21. Method according to claim 20, characterized in that received selective position data comes from a system that tracks one or more objects.

22. Method according to claims 14 and 20, characterized by position data determining which spatial weight functions are to be used to adjust the degree of spatial beam shaping with focusing and control with delay and summation of beam shapes, and change of side lobe level and beam width.

23. Method according to claim 22, characterized in that spatial beam shaping is performed by selecting a weighting function from among Cosin, Kai ser, Hamming, Hannig, Blackmann-Harris and Prolate Spheroidal according to the selected beam width for the main lobe.

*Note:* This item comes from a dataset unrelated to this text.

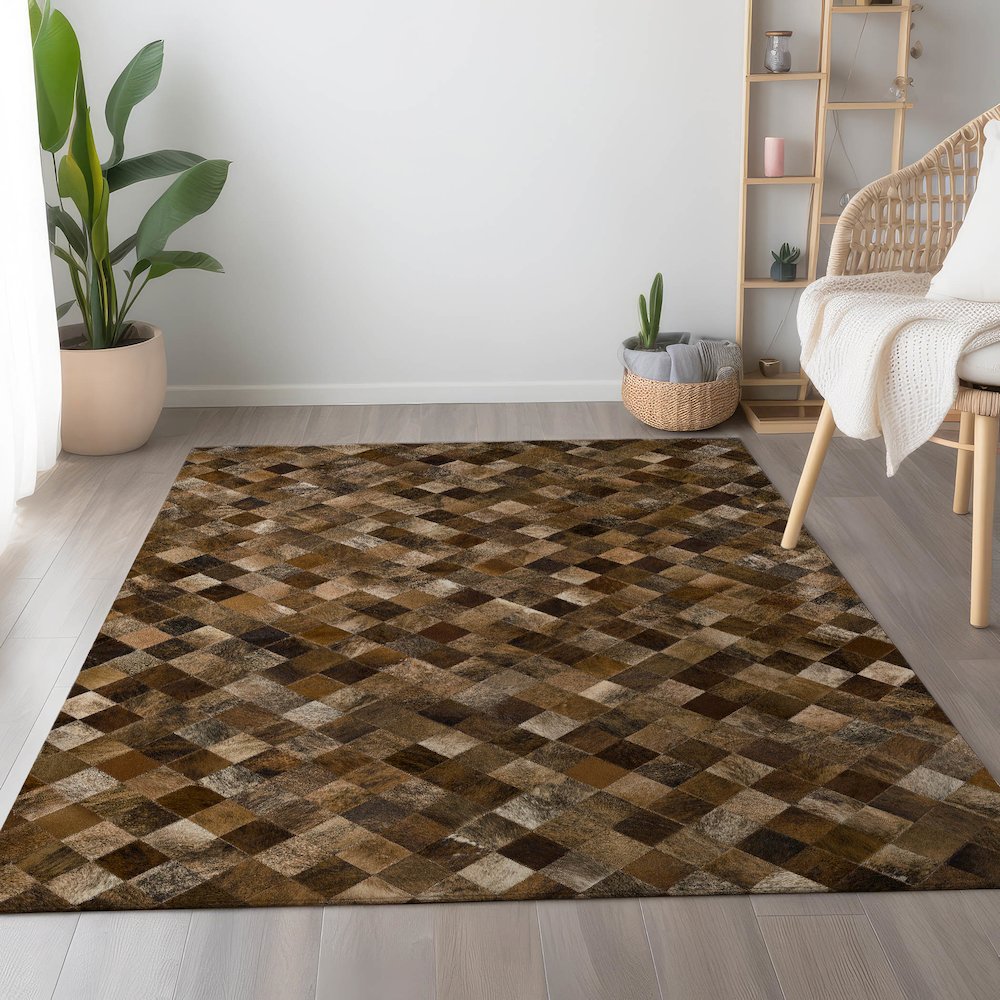Luxury Washable Indoor/Outdoor Bozeman Brown 8' x 10' Rug. Picture 5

24. Method according to claim 20, characterized in that the coordinates are defined by the position of the focusing point(s) of one or more camera(s) that film an event that takes place at specific location(s) within the target area.

25. Method according to claim 20, characterized in that the coordinates are defined by a user who controls a user interface comprising one or more displays showing an overview of the target area, a keyboard, a sound mixing unit, and one or more joysticks.

26. Method according to claim 20, characterized in that the coordinates are used to control and focus one or more cameras.

27. Method according to claim 17, characterized in that the dynamically selected audio output signal in a surround system is coherent with one or more camera(s).